Question was how can we use parallelization for sequential data. The answer is Transformers. Transformer NN architecture was introduced by Google in 2017 in their paper ‘Attention is all you need’. This used an encoder-decoder architecture, much like RNNs, but the difference was that unlike in RNNs, the input sequence can be passed in parallel. With an RNN encoder, we had to pass an input English sentence one word after the other. The current word hidden states had dependencies in the previous word’s hidden state. Basically, the word embeddings were generated one-time step at a time. Whereas, with a Transformer, there is no concept of the time step for the input. We pass in all the words of the sentence simultaneously and determine the word embeddings simultaneously.

Attention is All You Need Transformer NN architecture was introduced by Google in 2017 in their paper ‘Attention is all you need’. Transformers try to solve the problem of parallelization by using a concept called ‘Attention’. How is Transformer better than RNN:

  1. No sequential input - Input is one whole sentence at a time (instead of one word at a time)
  2. Faster to train

2. Architecture Overview

Transformer Neural Network consists of an Encoder(left) and a Decoder(right) block. The Encoder takes an English sentence as input, and the output will be a set of encoded vectors called ‘Attention Vectors’ for every word in the English sentence. Each word in the input English sentence is converted into an embedding to represent meaning.

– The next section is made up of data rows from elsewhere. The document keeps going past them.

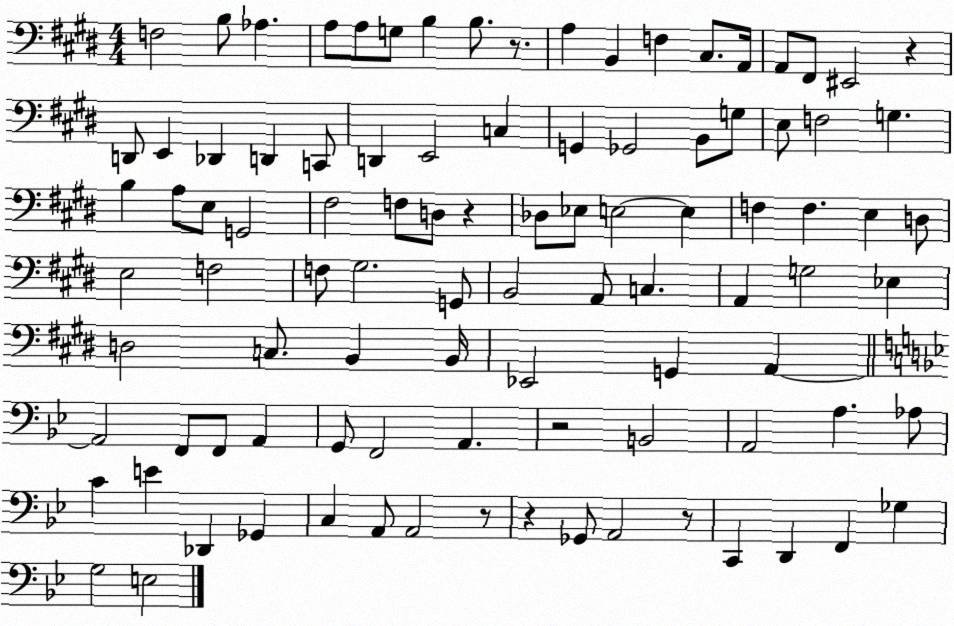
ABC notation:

X:1
T:Untitled
M:4/4
L:1/4
K:E
F,2 B,/2 _A, A,/2 A,/2 G,/2 B, B,/2 z/2 A, B,, F, ^C,/2 A,,/4 A,,/2 ^F,,/2 ^E,,2 z D,,/2 E,, _D,, D,, C,,/2 D,, E,,2 C, G,, _G,,2 B,,/2 G,/2 E,/2 F,2 G, B, A,/2 E,/2 G,,2 ^F,2 F,/2 D,/2 z _D,/2 _E,/2 E,2 E, F, F, E, D,/2 E,2 F,2 F,/2 ^G,2 G,,/2 B,,2 A,,/2 C, A,, G,2 _E, D,2 C,/2 B,, B,,/4 _E,,2 G,, A,, A,,2 F,,/2 F,,/2 A,, G,,/2 F,,2 A,, z2 B,,2 A,,2 A, _A,/2 C E _D,, _G,, C, A,,/2 A,,2 z/2 z _G,,/2 A,,2 z/2 C,, D,, F,, _G, G,2 E,2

We also add a positional vector to add the context of the word in the sentence. These word vectors are fed into the Encoder attention block (where the sentence goes through sublayer 1 and sublayer 2) which computes the attention vectors for every word. The Decoder takes the following two things as input a) French word(s) b) Attention vectors from Encoder, and it generates the probabilities of the next French word. The French sentence is embedded for each word’s meaning with the embedding layer and positional vectors are added to represent the context of the word in the sentence. These word vectors are fed into sublayer 1. Now, the output of sublayer 1 and the output from Encoder (Attention Vectors for English) are processed by sublayer 2 and 3 which produces attention vectors for every word in English-French mapping. These vectors are then passed into a linear layer and the softmax layer to predict the next French word. We repeat this process to generate the next word until the “end of sentence” token is generated.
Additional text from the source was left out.